Thanks. So do you think their 38mm model would wear more like one of the watches I listed?


----------



## WTSP

I feel that the 42 mm wears large, perhaps like a 44 mm, but it's also a matter of the number of refractive and shiny elements on the dial, as well as the super dome crystal. They feel too blingy, which is part of the reason I went with the 38 mm. 

What's funny is that to me the 38 wears like a 38. There's something about the way that the black minute ring encircles the dial. Also the overlapping subdials make it seem that they're pushing for space and held in by the minute ring, which makes the dial look very full without much empty space. As such the 38 looks like it's modestly proportioned. My 37 mm Class Elite looks bigger visually than the Original 1969 because it has so much open white space on the dial. The 42 mm has a lot of open space as well because the subdials are close to the center. 

As for the other watches that you mention I couldn't say as I don't own any. The closest that that I have is a Girard Perregaux Vintage 1945 model 2593, which is about 28 mm wide and has a black dial. Now THAT feels small. Moving to the 38 mm Zenith basically feels like moving from a regular square dress watch to a larger sport chronograph, but by the sizing standards of 30 or 40 years ago.


----------



## Solomente

arcadelt said:


> Thanks. So do you think their 38mm model would wear more like one of the watches I listed?


I tend to agree with WTSP. Strangely, the 42 wears like a 44 but the 38 doesn't wear like a 40. It wears like a 38. Couldn't tell you why but it just feels like that. To me the perfect size would be 40 but what do I know. A submariner feels a bit more substantial than the 38. Part of that could be the thickness and the fact that the only el primeros I own or have tried on were always on croc straps and the submariners I've tried are always on bracelets.


----------



## b-lot

WTSP said:


> I feel that the 42 mm wears large, perhaps like a 44 mm, but it's also a matter of the number of refractive and shiny elements on the dial, as well as the super dome crystal. They feel too blingy, which is part of the reason I went with the 38 mm.


I agree that the 42mm wears much bigger, although I wouldn't be able to say how much as I don't own any watch over 42mm. The Breitling SOH 42 which wears fine for me where I found the EP way too large. I can compare those well as I was wearing it when trying on the EP 42mm.



WTSP said:


> What's funny is that to me the 38 wears like a 38. There's something about the way that the black minute ring encircles the dial. Also the overlapping subdials make it seem that they're pushing for space and held in by the minute ring, which makes the dial look very full without much empty space. As such the 38 looks like it's modestly proportioned. My 37 mm Class Elite looks bigger visually than the Original 1969 because it has so much open white space on the dial. The 42 mm has a lot of open space as well because the subdials are close to the center.
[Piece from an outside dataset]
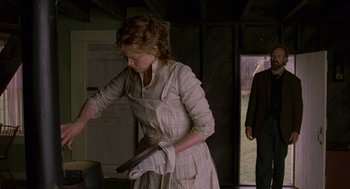 Movie still from “The Village” (2004), directed by M. Night Shyamalan – A woman in an apron is holding a pan; Medium shot, Low angle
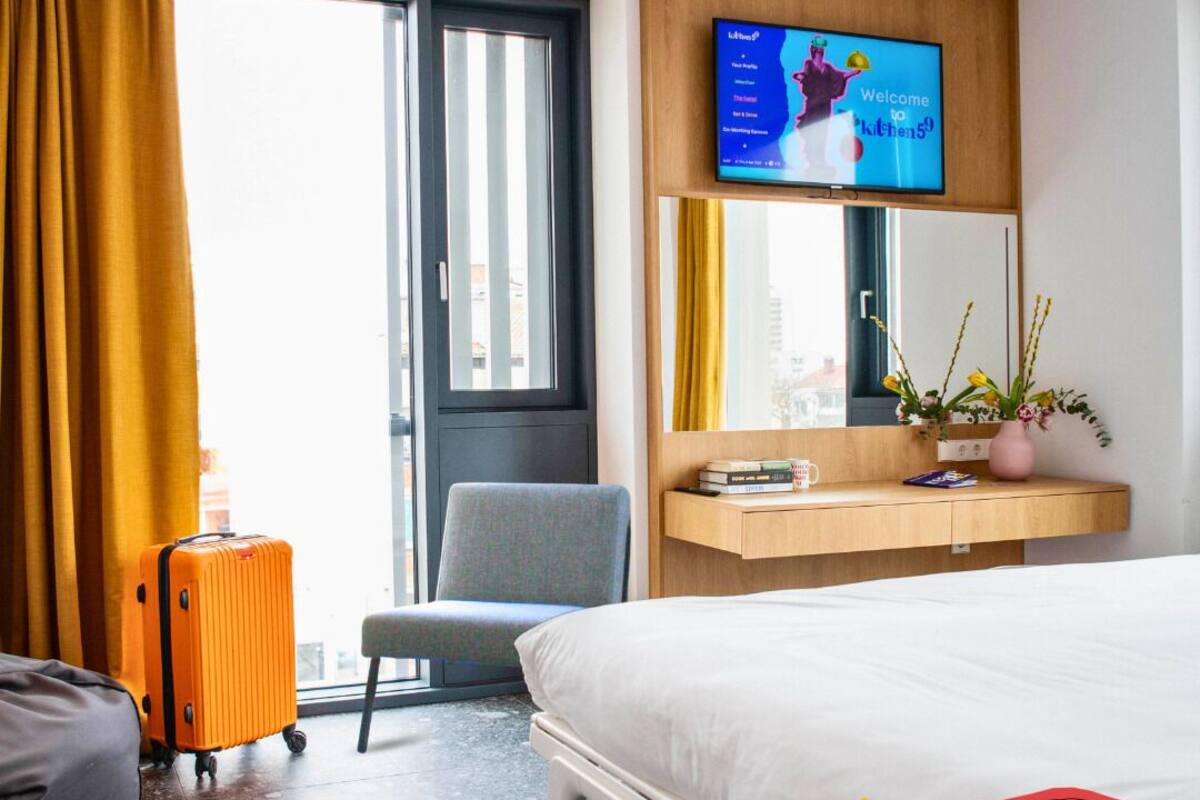 A hotel room with a bed, a desk with a TV, a chair, a suitcase, and a window with curtains.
I don't quite agree that the 38mm doesn't wear bigger, although the difference might be less. I can agree on the dial layout negating some of it, but there's still the thin bezel. And on top of that, even when compared to another 38mm chronograph with thin bezel (Strela 1254), it feels larger. IMO this is because it's relatively thin for a chronograph, so the proportions make it look larger as well. So contradicting the posts above, I'd say it probably wears like a watch somewhere between 39 - 40mm.


----------



## Chrono_Man

Here is my 42mm Chronomaster and it fits really well imo. It is about 12mm thick, and wears smaller than my speedmaster legend, slightly larger than my Daytona. All in all a great fit for my relatively small 7" wrist


----------



## EnderW

I agree w WTSP and Solomente - 42mm wears pretty large as there is no bezel and light dial makes it feel bigger still. Lugs are long as well (relatively speaking - about 50-51mm lug to lug).
I've tried 42mm ElPrimero and could not pull it off comfortably on my 6.25-6.5" wrist.

I've also worn Rolex SubC and it was just fine (diver bezel making dial much smaller).
I've also worn Omega Speedmaster Pro and it wore smaller that EP 42mm - at limits of my wrist, but still ok, unlike EP 42.
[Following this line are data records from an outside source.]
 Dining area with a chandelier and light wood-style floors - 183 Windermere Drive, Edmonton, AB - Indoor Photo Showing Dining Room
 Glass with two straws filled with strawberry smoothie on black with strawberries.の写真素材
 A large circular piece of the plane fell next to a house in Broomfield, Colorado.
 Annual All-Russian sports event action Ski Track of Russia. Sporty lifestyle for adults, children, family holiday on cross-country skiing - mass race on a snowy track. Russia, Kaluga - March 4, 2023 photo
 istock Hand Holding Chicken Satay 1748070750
I ended up getting ElPrimero 38mm and it does not look small - there is a lot on the dial which makes it look bigger and 47mm lug-to-lug adds to overall feel.


----------



## elchicomalo




----------



## pravilik

Omega speedmastwr professional vs Zenith el primero tricolore


----------



## 991C4S

The lugs do look long giving it the perception of being a larger watch. Does anyone know the length lug to lug on the DJII?


----------



## Tony N

It does look a little larger, but not too much. I too think it is the lugs. Here is a side by side with the IWC Portugueser which is stated as 42.3 mm verses the Zenith 42 mm









Cheers
Tony


----------



## maik

How big something "wears" is somewhat subjective. Here are some factors influencing the feel:

Wears "larger":
Thin bezel
Close/small subdials
Long lugs
Light color dial
Low contrast dial features
In photos: close shot with wide angle lens (less than 50mm equivalent)

Wears "smaller":
Case extends beyond bezel (i.e. Speedmaster professional)
Large/Diving bezel
Dark ring around edge of dial (i.e. El primero 36000)
Arabic numerals
Crowded dial
From wearers perspective: wrist twisted/angled away from face
Curved lugs

I think what this amounts to is that different 42mm EP wear differently. Personally, the 42mm white enamel dial EP wears much larger than the 42mm tricolor.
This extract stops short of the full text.